# [Goal of the exercise]
Your reply must contain exactly the lines running from the one with "White Mountain Stitch" to the last line of the entries below, both included, and no other lines.

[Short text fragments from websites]
****************

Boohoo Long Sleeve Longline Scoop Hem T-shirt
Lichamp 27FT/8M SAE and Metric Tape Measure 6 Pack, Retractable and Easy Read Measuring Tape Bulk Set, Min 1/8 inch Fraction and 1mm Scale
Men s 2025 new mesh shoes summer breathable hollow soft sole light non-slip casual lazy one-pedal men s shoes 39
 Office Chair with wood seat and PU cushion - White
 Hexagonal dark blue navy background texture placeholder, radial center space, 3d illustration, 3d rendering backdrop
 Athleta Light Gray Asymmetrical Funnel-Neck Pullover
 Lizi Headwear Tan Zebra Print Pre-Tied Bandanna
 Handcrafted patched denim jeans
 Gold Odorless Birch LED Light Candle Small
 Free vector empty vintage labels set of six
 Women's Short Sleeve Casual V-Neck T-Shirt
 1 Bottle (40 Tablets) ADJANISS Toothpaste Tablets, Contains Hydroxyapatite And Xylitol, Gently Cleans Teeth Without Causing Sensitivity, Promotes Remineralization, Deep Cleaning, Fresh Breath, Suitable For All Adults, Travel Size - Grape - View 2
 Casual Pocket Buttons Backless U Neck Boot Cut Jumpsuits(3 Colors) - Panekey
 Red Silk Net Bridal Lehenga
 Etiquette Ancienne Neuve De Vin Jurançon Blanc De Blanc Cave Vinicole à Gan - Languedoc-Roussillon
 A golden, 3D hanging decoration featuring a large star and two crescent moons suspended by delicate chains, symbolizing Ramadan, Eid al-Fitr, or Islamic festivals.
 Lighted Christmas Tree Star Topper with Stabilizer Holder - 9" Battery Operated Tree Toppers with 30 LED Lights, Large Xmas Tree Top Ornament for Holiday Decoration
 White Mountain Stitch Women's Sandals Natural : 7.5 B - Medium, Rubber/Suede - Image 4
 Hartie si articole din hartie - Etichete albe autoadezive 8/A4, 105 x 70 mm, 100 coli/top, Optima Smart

****************

# [Your solution]
 White Mountain Stitch Women's Sandals Natural : 7.5 B - Medium, Rubber/Suede - Image 4
 Hartie si articole din hartie - Etichete albe autoadezive 8/A4, 105 x 70 mm, 100 coli/top, Optima Smart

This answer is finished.